# Firmware: Canon EOS 80D v1.0.3



## Canon Rumors Guy (Aug 6, 2019)

> Canon has released firmware version 1.0.3 for the EOS 80D.
> *Firmware Version 1.0.3 incorporates the following improvement and fix:*
> 
> Corrects a PTP communications vulnerability.
> ...



Continue reading...


----------



## victorshikhman (Aug 6, 2019)

Whoever wants to hack my 80D remotely... I won't be installing this patch. Your move.


----------



## mrproxy (Aug 7, 2019)

Ohh boy ohhh boy - new firmware soft!!! Best day in my life is when I install new software update to my Canon camera!!!!! Nothing can compete to this feeling!!

New features, new possibilities, new staff, fixed bugs, improved performance, improved user experience.
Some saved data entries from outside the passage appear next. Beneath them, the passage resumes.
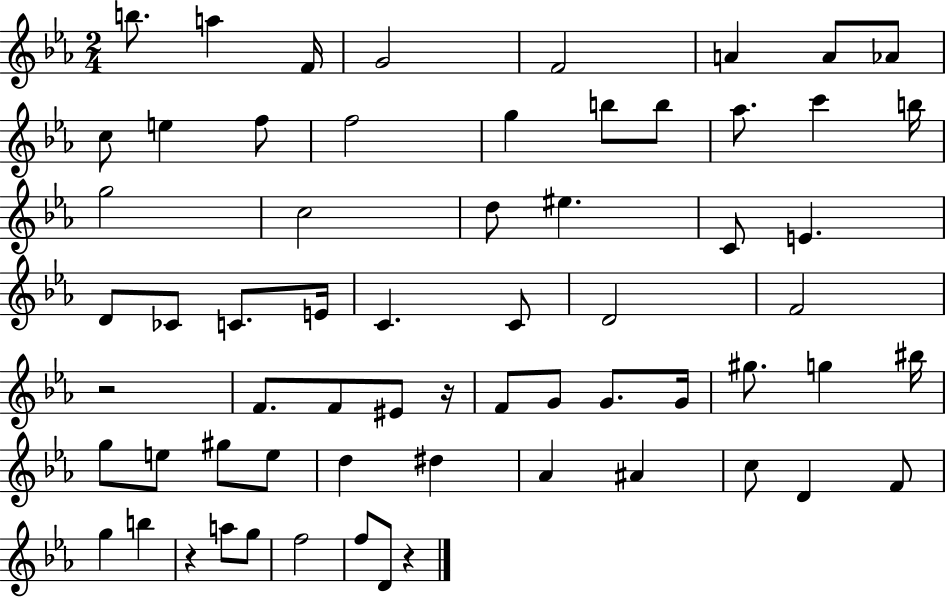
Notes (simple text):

B5/e. A5/q F4/s G4/h F4/h A4/q A4/e Ab4/e C5/e E5/q F5/e F5/h G5/q B5/e B5/e Ab5/e. C6/q B5/s G5/h C5/h D5/e EIS5/q. C4/e E4/q. D4/e CES4/e C4/e. E4/s C4/q. C4/e D4/h F4/h R/h F4/e. F4/e EIS4/e R/s F4/e G4/e G4/e. G4/s G#5/e. G5/q BIS5/s G5/e E5/e G#5/e E5/e D5/q D#5/q Ab4/q A#4/q C5/e D4/q F4/e G5/q B5/q R/q A5/e G5/e F5/h F5/e D4/e R/q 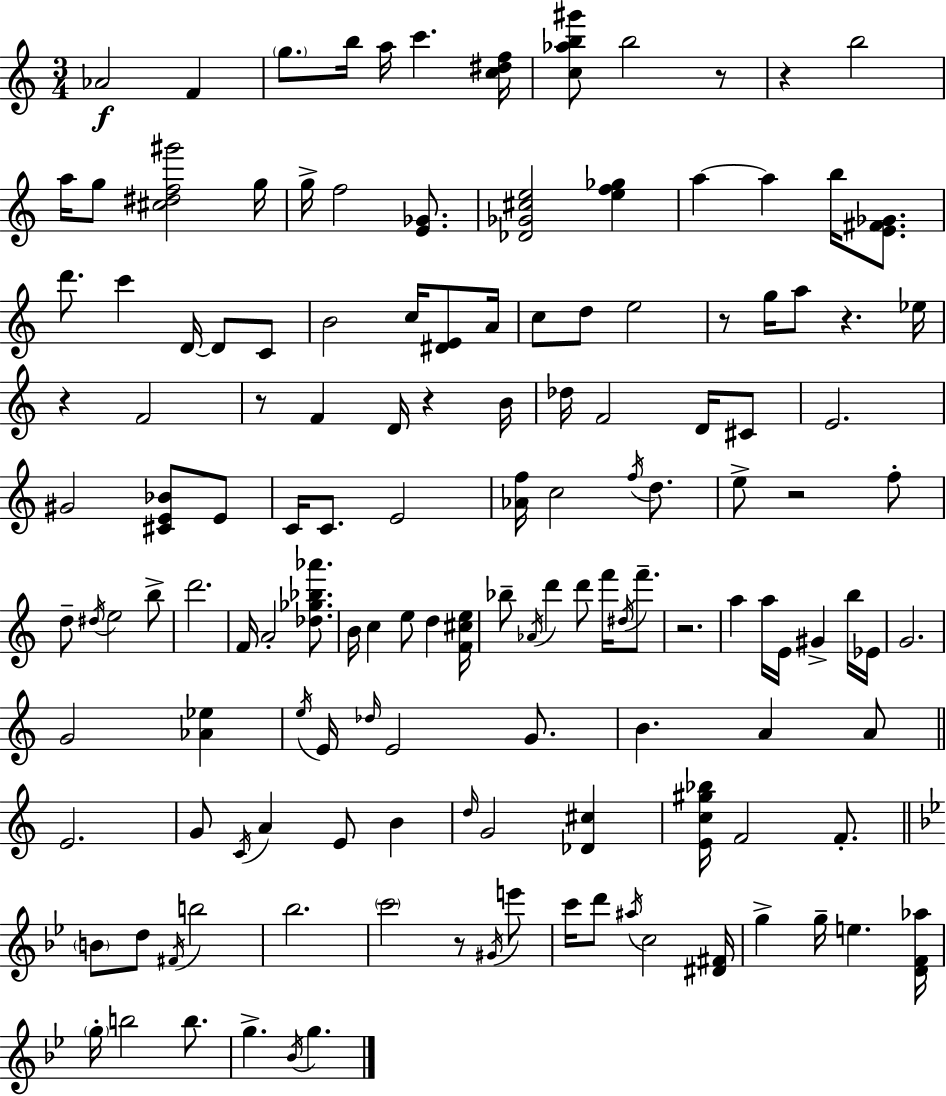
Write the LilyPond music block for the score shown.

{
  \clef treble
  \numericTimeSignature
  \time 3/4
  \key a \minor
  \repeat volta 2 { aes'2\f f'4 | \parenthesize g''8. b''16 a''16 c'''4. <c'' dis'' f''>16 | <c'' aes'' b'' gis'''>8 b''2 r8 | r4 b''2 | \break a''16 g''8 <cis'' dis'' f'' gis'''>2 g''16 | g''16-> f''2 <e' ges'>8. | <des' ges' cis'' e''>2 <e'' f'' ges''>4 | a''4~~ a''4 b''16 <e' fis' ges'>8. | \break d'''8. c'''4 d'16~~ d'8 c'8 | b'2 c''16 <dis' e'>8 a'16 | c''8 d''8 e''2 | r8 g''16 a''8 r4. ees''16 | \break r4 f'2 | r8 f'4 d'16 r4 b'16 | des''16 f'2 d'16 cis'8 | e'2. | \break gis'2 <cis' e' bes'>8 e'8 | c'16 c'8. e'2 | <aes' f''>16 c''2 \acciaccatura { f''16 } d''8. | e''8-> r2 f''8-. | \break d''8-- \acciaccatura { dis''16 } e''2 | b''8-> d'''2. | f'16 a'2-. <des'' ges'' bes'' aes'''>8. | b'16 c''4 e''8 d''4 | \break <f' cis'' e''>16 bes''8-- \acciaccatura { aes'16 } d'''4 d'''8 f'''16 | \acciaccatura { dis''16 } f'''8.-- r2. | a''4 a''16 e'16 gis'4-> | b''16 ees'16 g'2. | \break g'2 | <aes' ees''>4 \acciaccatura { e''16 } e'16 \grace { des''16 } e'2 | g'8. b'4. | a'4 a'8 \bar "||" \break \key c \major e'2. | g'8 \acciaccatura { c'16 } a'4 e'8 b'4 | \grace { d''16 } g'2 <des' cis''>4 | <e' c'' gis'' bes''>16 f'2 f'8.-. | \break \bar "||" \break \key bes \major \parenthesize b'8 d''8 \acciaccatura { fis'16 } b''2 | bes''2. | \parenthesize c'''2 r8 \acciaccatura { gis'16 } | e'''8 c'''16 d'''8 \acciaccatura { ais''16 } c''2 | \break <dis' fis'>16 g''4-> g''16-- e''4. | <d' f' aes''>16 \parenthesize g''16-. b''2 | b''8. g''4.-> \acciaccatura { bes'16 } g''4. | } \bar "|."
} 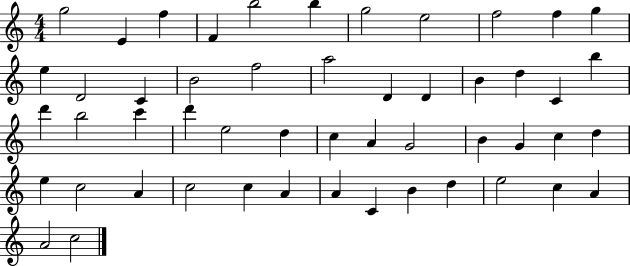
G5/h E4/q F5/q F4/q B5/h B5/q G5/h E5/h F5/h F5/q G5/q E5/q D4/h C4/q B4/h F5/h A5/h D4/q D4/q B4/q D5/q C4/q B5/q D6/q B5/h C6/q D6/q E5/h D5/q C5/q A4/q G4/h B4/q G4/q C5/q D5/q E5/q C5/h A4/q C5/h C5/q A4/q A4/q C4/q B4/q D5/q E5/h C5/q A4/q A4/h C5/h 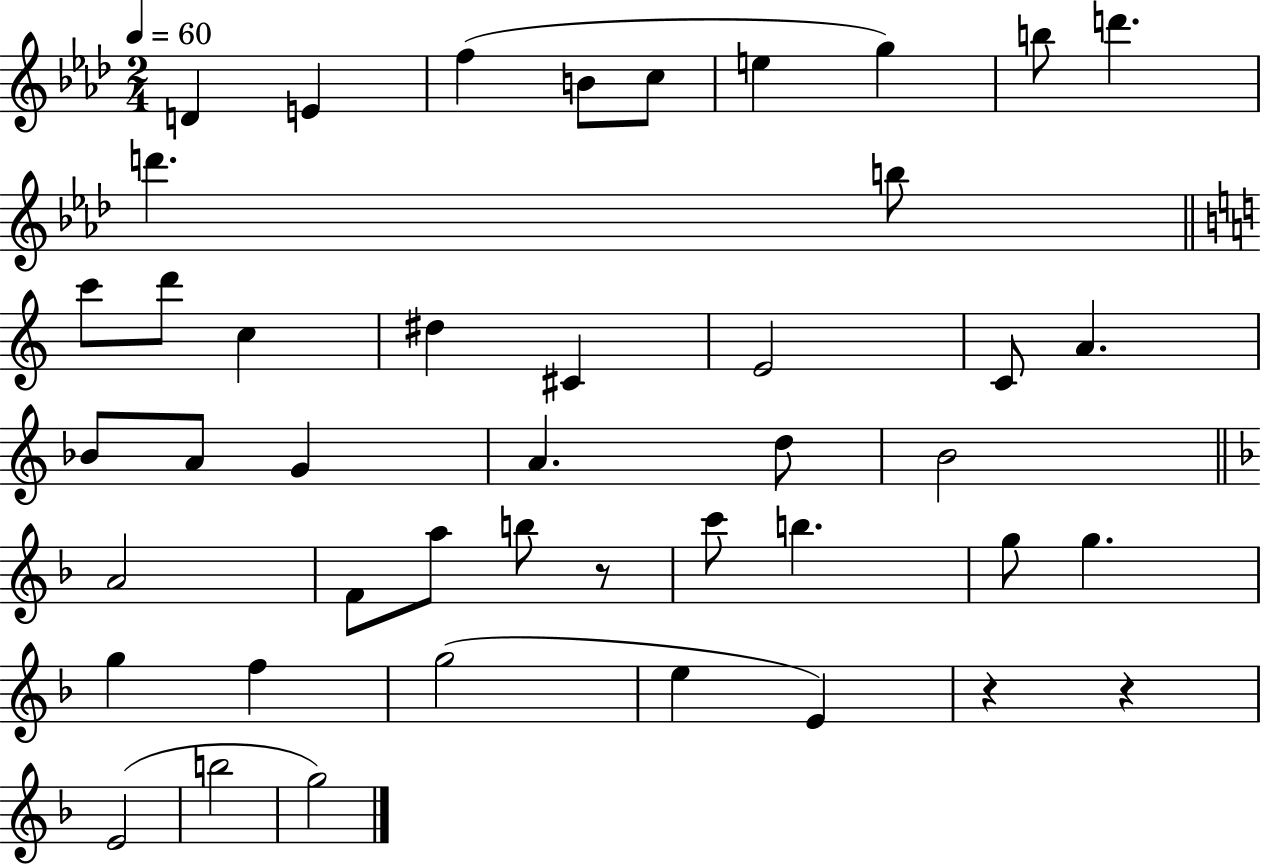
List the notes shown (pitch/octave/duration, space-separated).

D4/q E4/q F5/q B4/e C5/e E5/q G5/q B5/e D6/q. D6/q. B5/e C6/e D6/e C5/q D#5/q C#4/q E4/h C4/e A4/q. Bb4/e A4/e G4/q A4/q. D5/e B4/h A4/h F4/e A5/e B5/e R/e C6/e B5/q. G5/e G5/q. G5/q F5/q G5/h E5/q E4/q R/q R/q E4/h B5/h G5/h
I hope I will get all of that!
I hope with this version they still remain Crop in 4K. I like that so much!


----------



## Valvebounce (Aug 7, 2019)

Wow, new staff! How do you feed them? Are they just replacements for the original staff that starved to death? What do they do, clean the sensor and mirror?


----------



## magarity (Aug 7, 2019)

victorshikhman said:


> Whoever wants to hack my 80D remotely... I won't be installing this patch. Your move.


While all very witty, this is a real potential problem that is good to have fixed for some people. Canon's Hong Kong local site has a longer explanation: https://hk.canon/en/support/security-advisory-ptp-communication-and-firmware-functions/notice
Notice that if one has an 80D connected live to a smartphone / tablet / laptop and trying to beam out pictures of protests, etc, then state security has the resources to pull off this kind of hack and see what one is recording. Same for similar places around the globe. So yeah, good patch.


----------



## Memirsbrunnr (Aug 9, 2019)

magarity said:


> While all very witty, this is a real potential problem that is good to have fixed for some people. Canon's Hong Kong local site has a longer explanation: https://hk.canon/en/support/security-advisory-ptp-communication-and-firmware-functions/notice
> Notice that if one has an 80D connected live to a smartphone / tablet / laptop and trying to beam out pictures of protests, etc, then state security has the resources to pull off this kind of hack and see what one is recording. Same for similar places around the globe. So yeah, good patch.


Still an utter fringe nano scale problem. Rather had a small functionality update upgrade.


----------